Find "Staedtler Pigment Arts Brush Pen Sets" and "Fendi Zucca Spalmati" in the records below. Copy the lines holding them and every line between, exactly, and no others.

#### Data shown:
....................

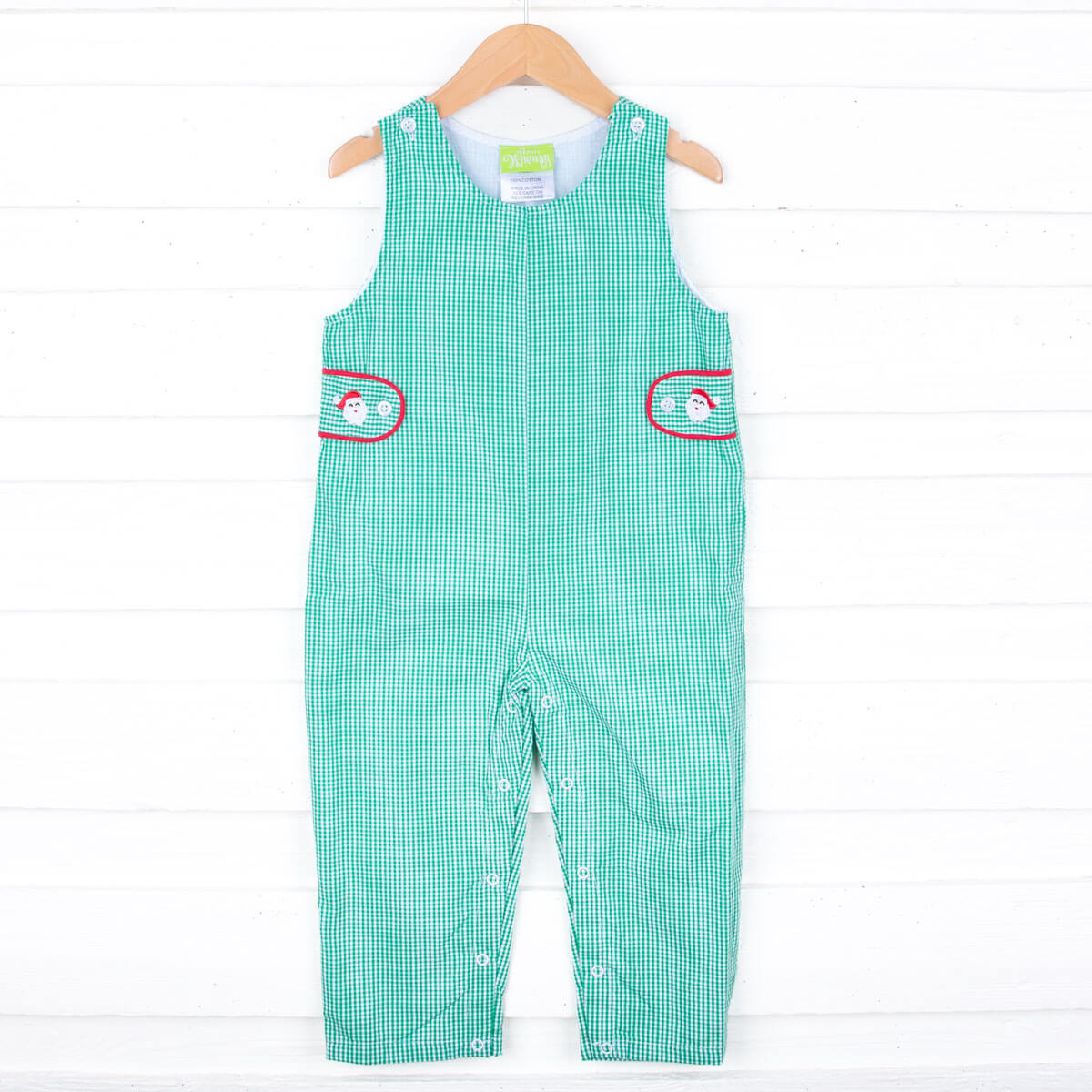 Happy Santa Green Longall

....................

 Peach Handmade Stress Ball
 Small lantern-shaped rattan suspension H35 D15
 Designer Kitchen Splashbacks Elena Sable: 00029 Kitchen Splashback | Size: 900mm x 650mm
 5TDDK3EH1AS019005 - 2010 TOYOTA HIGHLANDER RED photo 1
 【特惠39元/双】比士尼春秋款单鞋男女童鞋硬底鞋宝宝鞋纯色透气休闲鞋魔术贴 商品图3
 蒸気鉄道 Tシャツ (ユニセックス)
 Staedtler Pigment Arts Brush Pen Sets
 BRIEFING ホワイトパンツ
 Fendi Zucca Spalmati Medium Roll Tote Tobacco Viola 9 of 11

....................

#### Expected answer:
 Staedtler Pigment Arts Brush Pen Sets
 BRIEFING ホワイトパンツ
 Fendi Zucca Spalmati Medium Roll Tote Tobacco Viola 9 of 11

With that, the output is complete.